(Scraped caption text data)
*****

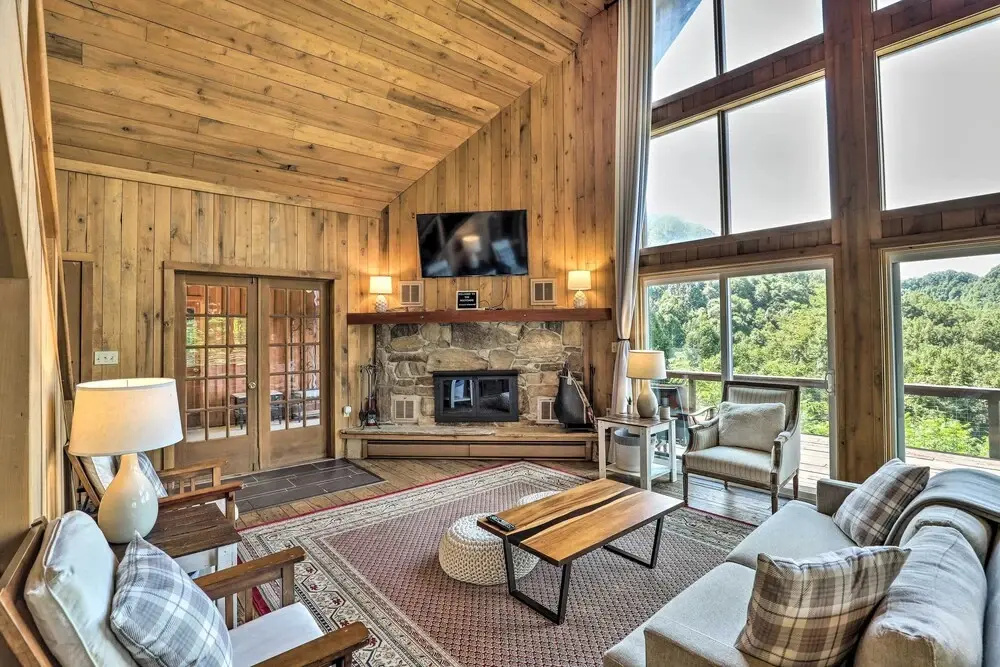 Stunning Views: Mountaintop Cabin in Burnsville! - фото 2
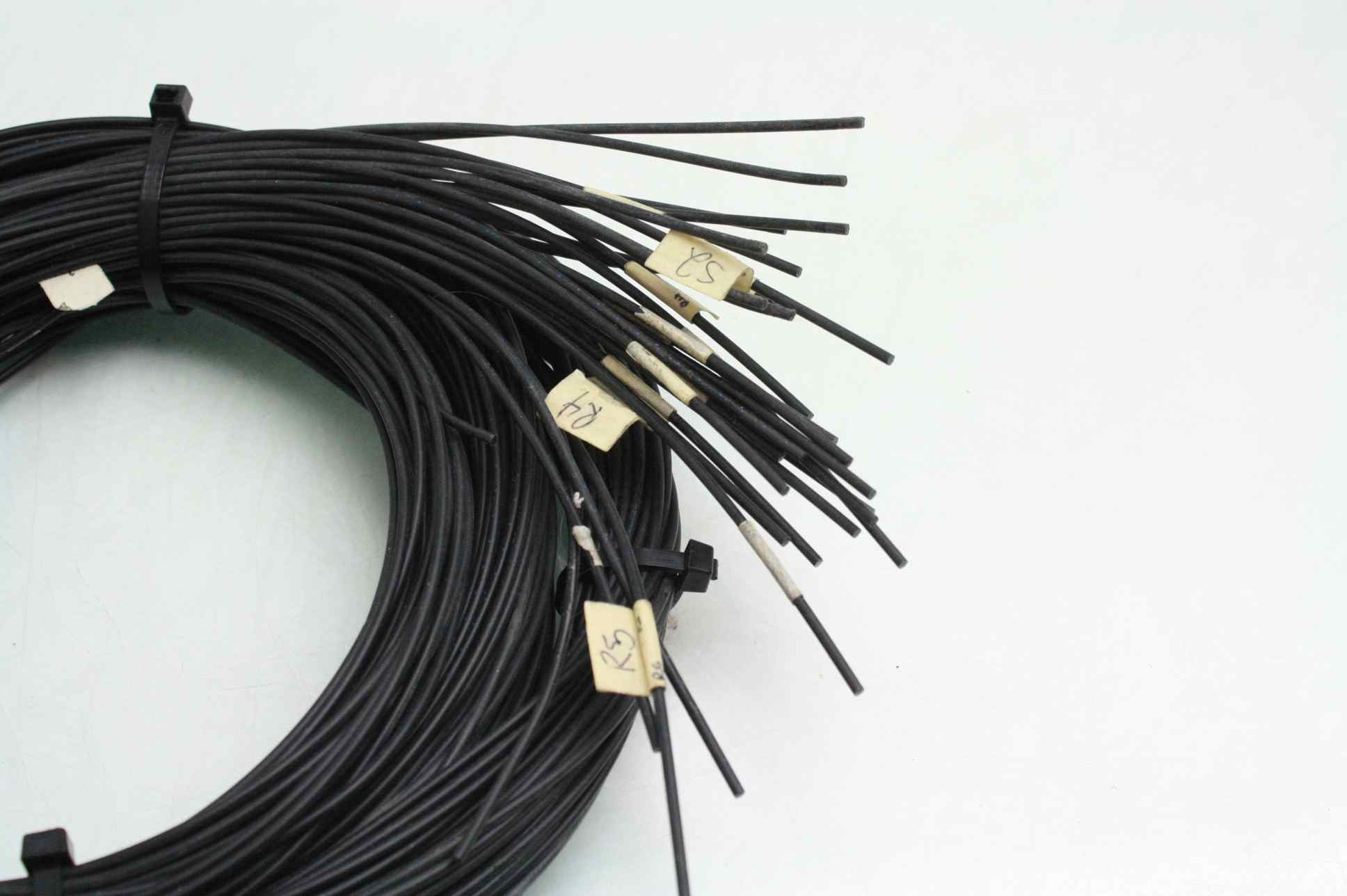 Lot of 45 Assorted Omron E32-TC200 Channel Fiber Optic Sensor Cables - Used - Image 10
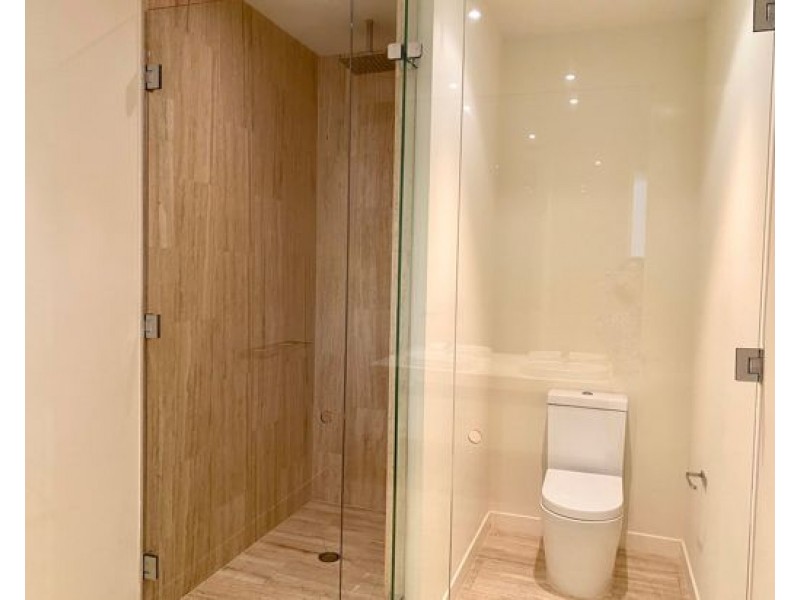 2 The Dress Circle, Benowa QLD 4217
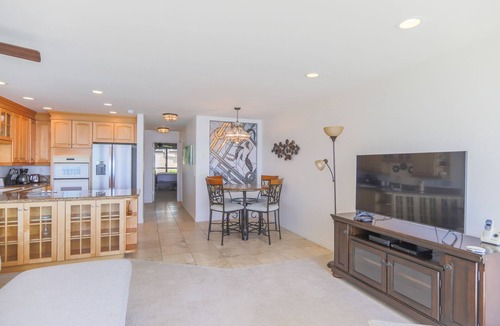 Solana Beach Condo | A Shore Thing! Stellar Sunsets! Oceanfront Balcony with Pool, Beach Access
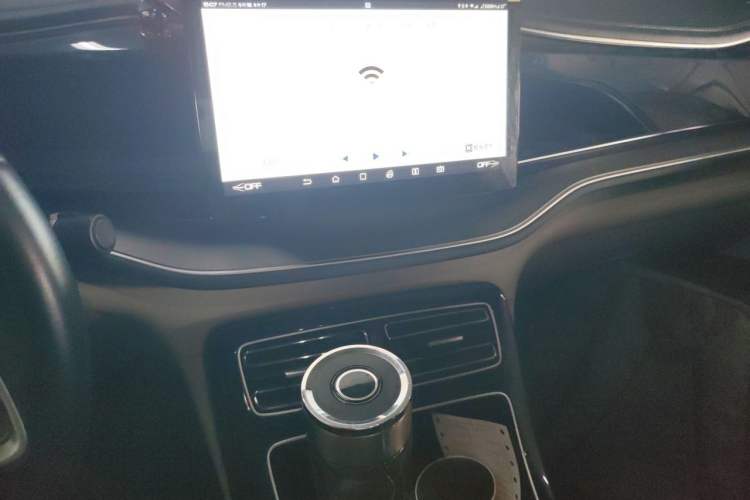 Used BYD Qin PLUS 2021 EV 500KM Luxury Model Audio And AC Panel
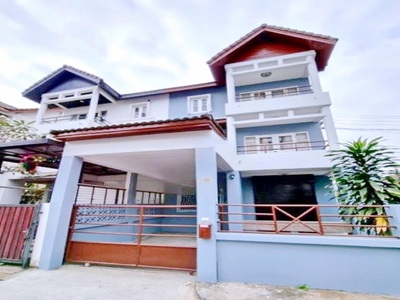 MRTแจ้งวัฒนะ14 ให้เช่าคฤหาสน์ใหม่ ห้องมุม 3ชั้น 42ตร.วา.482ตร.ม. 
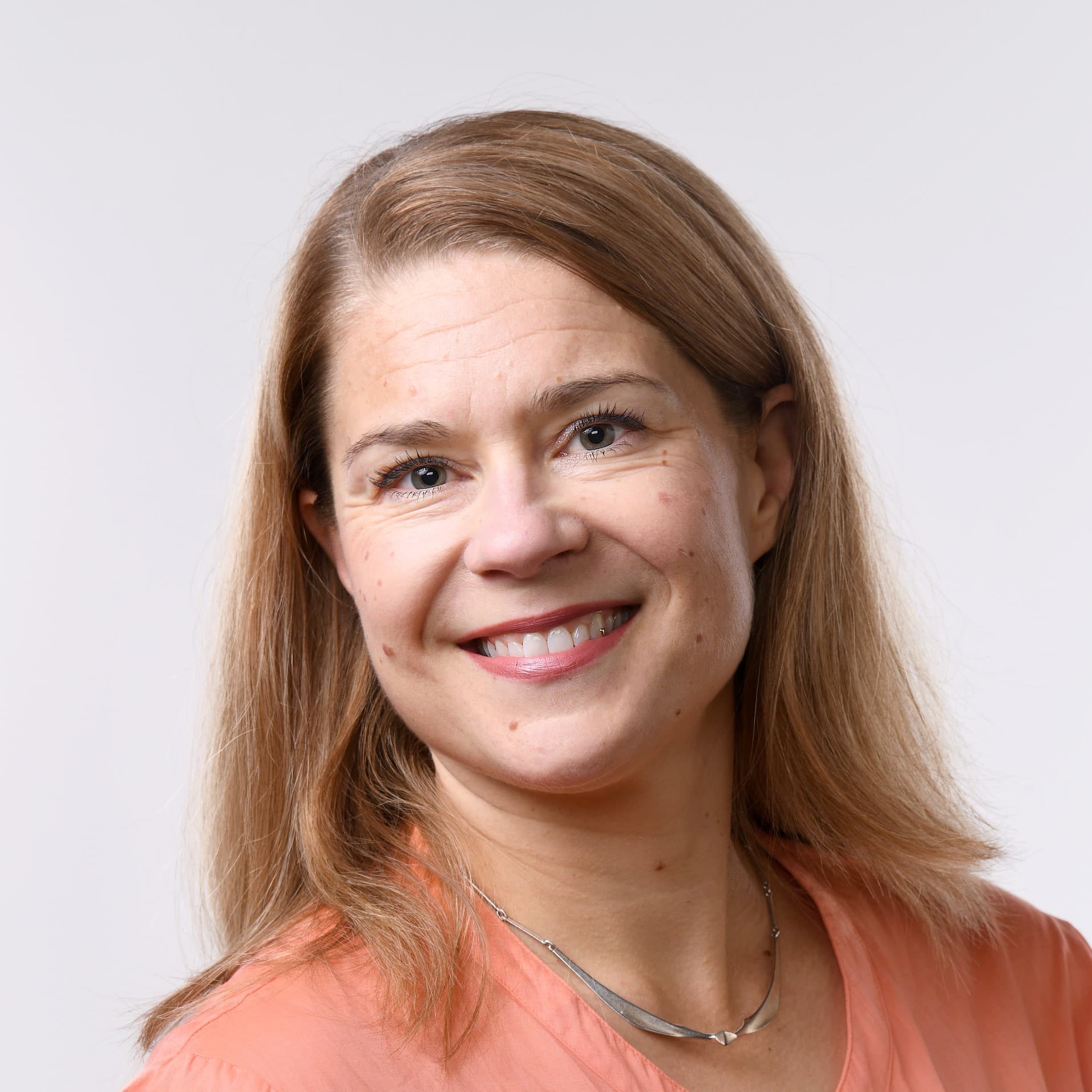 Marja Sippola — Pihlajalinna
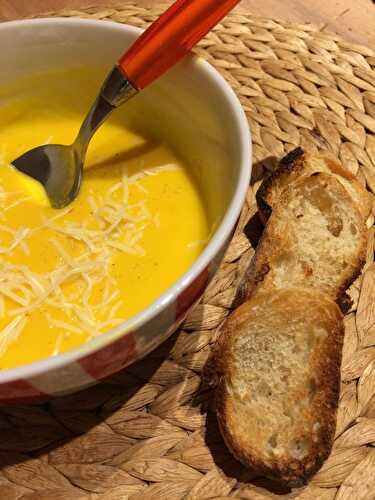 Velouté de topinambours et carottes au lait de coco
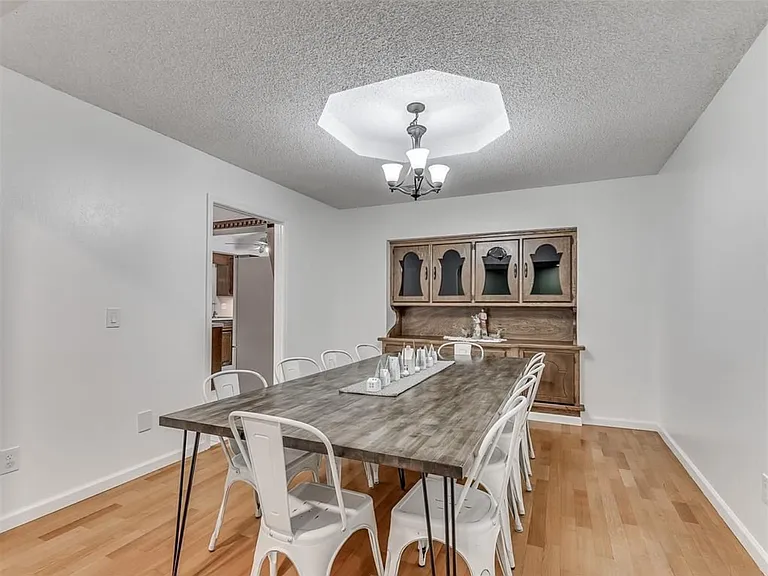 7225 Skylark Ln — Photo 6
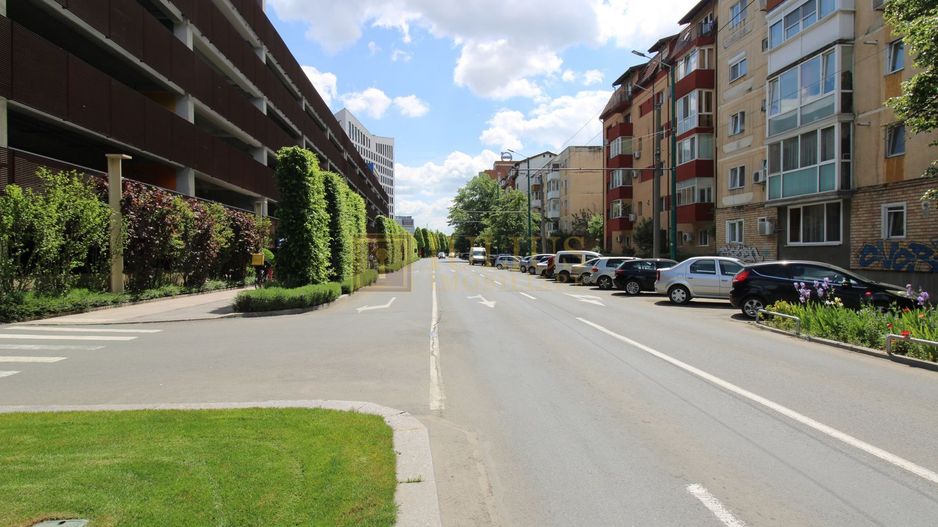 Iulius MAll; centrala proprie, balcon. - Poză 1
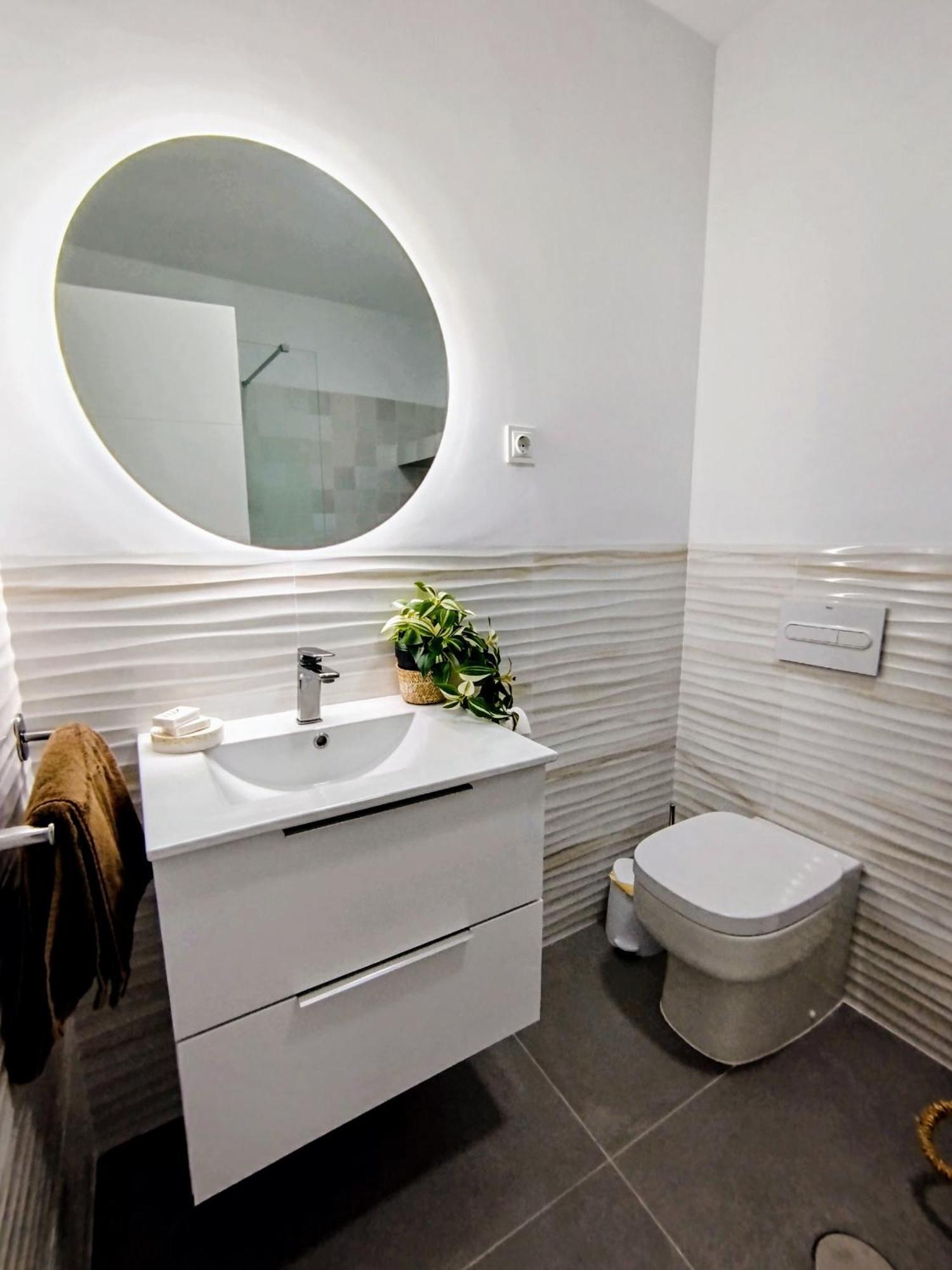 Impressive Apartment With 3 Bedrooms Metres From The Beach Estepona Ngoại thất bức ảnh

*****

» **INSTRUCTIONS FOR THE TASK**
Word for word, reproduce all of the entries above and omit the pictures.

» **ANSWER BOX**
 Stunning Views: Mountaintop Cabin in Burnsville! - фото 2
 Lot of 45 Assorted Omron E32-TC200 Channel Fiber Optic Sensor Cables - Used - Image 10
 2 The Dress Circle, Benowa QLD 4217
 Solana Beach Condo | A Shore Thing! Stellar Sunsets! Oceanfront Balcony with Pool, Beach Access
 Used BYD Qin PLUS 2021 EV 500KM Luxury Model Audio And AC Panel
 MRTแจ้งวัฒนะ14 ให้เช่าคฤหาสน์ใหม่ ห้องมุม 3ชั้น 42ตร.วา.482ตร.ม. 
 Marja Sippola — Pihlajalinna
 Velouté de topinambours et carottes au lait de coco
 7225 Skylark Ln — Photo 6
 Iulius MAll; centrala proprie, balcon. - Poză 1
 Impressive Apartment With 3 Bedrooms Metres From The Beach Estepona Ngoại thất bức ảnh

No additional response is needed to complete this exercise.